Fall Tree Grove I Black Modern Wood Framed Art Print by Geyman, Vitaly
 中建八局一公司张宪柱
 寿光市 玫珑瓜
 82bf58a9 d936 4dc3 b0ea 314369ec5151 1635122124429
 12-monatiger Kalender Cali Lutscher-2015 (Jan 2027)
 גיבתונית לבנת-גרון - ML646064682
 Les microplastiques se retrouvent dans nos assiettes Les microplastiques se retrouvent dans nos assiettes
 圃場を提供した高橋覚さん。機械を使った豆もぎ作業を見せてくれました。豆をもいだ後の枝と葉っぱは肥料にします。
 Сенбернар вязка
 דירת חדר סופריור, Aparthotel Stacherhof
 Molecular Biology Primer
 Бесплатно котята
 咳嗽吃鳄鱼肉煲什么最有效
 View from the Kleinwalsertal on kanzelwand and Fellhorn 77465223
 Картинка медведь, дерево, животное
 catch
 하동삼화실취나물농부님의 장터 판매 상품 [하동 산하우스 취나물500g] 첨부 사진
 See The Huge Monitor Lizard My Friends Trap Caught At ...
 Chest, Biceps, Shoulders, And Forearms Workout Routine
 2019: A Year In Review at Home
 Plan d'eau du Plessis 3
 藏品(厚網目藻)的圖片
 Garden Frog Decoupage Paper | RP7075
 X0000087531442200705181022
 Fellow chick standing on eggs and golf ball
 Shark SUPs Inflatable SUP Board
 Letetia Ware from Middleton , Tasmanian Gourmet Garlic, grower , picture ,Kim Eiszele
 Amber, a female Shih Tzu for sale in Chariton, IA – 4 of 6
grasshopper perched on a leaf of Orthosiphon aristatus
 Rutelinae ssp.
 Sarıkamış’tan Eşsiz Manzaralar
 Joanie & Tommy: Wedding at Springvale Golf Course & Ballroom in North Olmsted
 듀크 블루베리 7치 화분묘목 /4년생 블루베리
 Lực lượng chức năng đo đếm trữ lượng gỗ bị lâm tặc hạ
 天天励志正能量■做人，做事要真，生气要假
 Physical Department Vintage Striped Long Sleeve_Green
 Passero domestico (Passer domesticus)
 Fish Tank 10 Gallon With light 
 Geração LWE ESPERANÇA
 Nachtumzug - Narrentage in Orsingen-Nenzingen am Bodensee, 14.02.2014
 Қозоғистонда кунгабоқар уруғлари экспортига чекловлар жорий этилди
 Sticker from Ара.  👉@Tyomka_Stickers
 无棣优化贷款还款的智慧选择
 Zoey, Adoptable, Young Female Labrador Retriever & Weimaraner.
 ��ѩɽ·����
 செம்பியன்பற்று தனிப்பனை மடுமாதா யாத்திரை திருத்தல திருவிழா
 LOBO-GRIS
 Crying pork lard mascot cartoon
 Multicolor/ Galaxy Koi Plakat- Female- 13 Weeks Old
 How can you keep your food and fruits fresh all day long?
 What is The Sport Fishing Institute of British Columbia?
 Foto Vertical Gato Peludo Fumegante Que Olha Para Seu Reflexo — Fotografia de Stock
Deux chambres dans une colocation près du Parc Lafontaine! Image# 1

— What is required —
Set down, exactly as they appear above, all lines from the one that has "Chest, Biceps, Shoulders, And" down to the one that has "Letetia Ware from", including those two and no others.

— Response —
 Chest, Biceps, Shoulders, And Forearms Workout Routine
 2019: A Year In Review at Home
 Plan d'eau du Plessis 3
 藏品(厚網目藻)的圖片
 Garden Frog Decoupage Paper | RP7075
 X0000087531442200705181022
 Fellow chick standing on eggs and golf ball
 Shark SUPs Inflatable SUP Board
 Letetia Ware from Middleton , Tasmanian Gourmet Garlic, grower , picture ,Kim Eiszele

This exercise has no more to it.